I submitted this letter (below) to the editor of the Physical Therapy Journal about 10 years ago, it was published in December 2005. My thoughts on the problem have not changed much since then. My thoughts on the solution have become more developed. It was helpful to me to go back and read this after yesterday’s post on Graphical Causal Models because in many ways DAGs are what I now have in mind for the statement I made in this letter to the editor: “My suggestions is to put these into full context, appreciating that physical therapist practice is a complex system and that methods exist for development in this area.”
Back then I had not yet undertaken my self directed post graduate study of philosophy, logic, epistemology and mathematical modeling. I had recently earned my ScD and was starting to think more deeply about the connection between evidence, knowledge and practice; I just did not have the right set of tools yet, and still probably do not……..
In coming posts I will point out the issues raised in this letter and try to identify how a KBP as I am currently working on would address them.
To the Editor:
In his invited commentary on the article by Miller et al titled “A quantitative analysis of research publications in physical therapy journals” in the February 2003 issue of Physical Therapy, Jette posed a simple question: “What can be done to stimulate more research in physical therapy that has direct clinical relevance?” (Jette) Jette proposed that, to answer this question, clinicians and scientists in physical therapy must come together. In far, he proposed that the divergence between clinicians and scientists has “hindered the conduct of clinically relevant research that will meet the contemporary demands of society for clinical interventions rooted in sound theory and scientific evidence, versus tradition and anecdote.”

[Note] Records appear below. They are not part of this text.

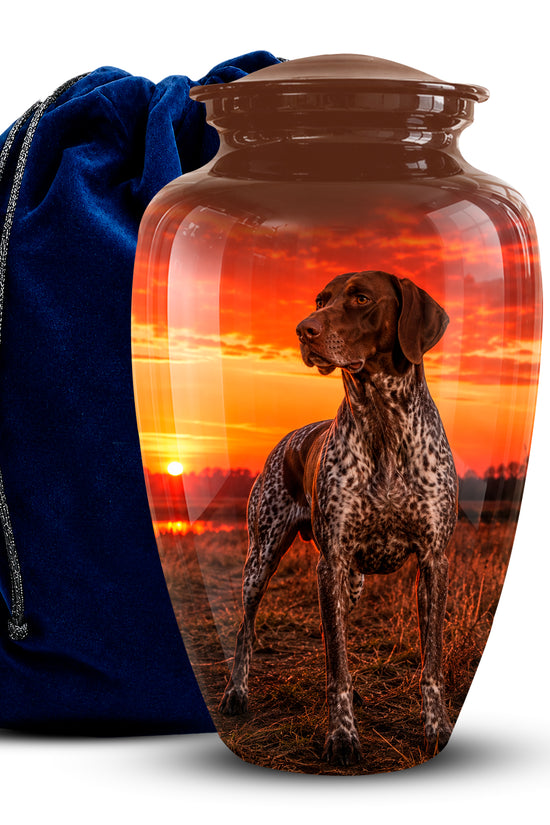 A glossy brown urn-shaped vase or keepsake jar with a lid, printed with a dog portrait over a sunset landscape. A dark blue velvet drawstring bag sits behind it on a white background.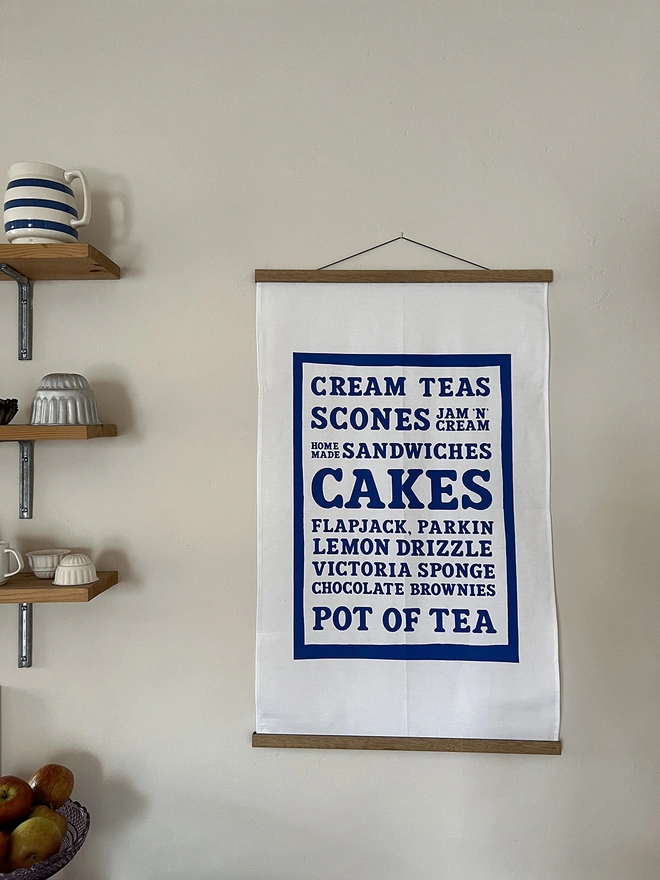 Mr.PS Cakes Cream Tea Menu tea towel displayed using the optional hanger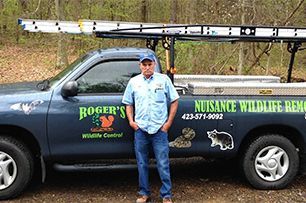 A man is standing in front of a roger 's wildlife control truck.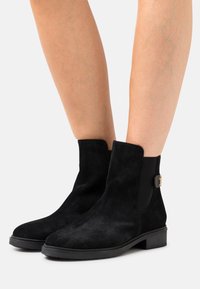 Botas de tobillo de ante negro con suela gruesa, paneles laterales elásticos y un pequeño detalle de hardware dorado cerca del tobillo para un uso fácil.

One etiology of the hindered conduct of clinical relevant research might be what we would call a “confounding factor” in the divide between clinicians and scientists. A confounding factor is a third factor, independently related to cause and effect. Here, cause is the divergence between clinicians and scientists; effect is hinderance of the conduct of clinically relevant research; and, I contend, a confounding factor is the complex system inherent in physical therapist practice. The presence of this complex system can independently lead to a divergence and to a hindrance. If left unstated and unmanaged, this confounding factor could lead to perpetual difficulties in remedying the problem concerning clinically relevant research.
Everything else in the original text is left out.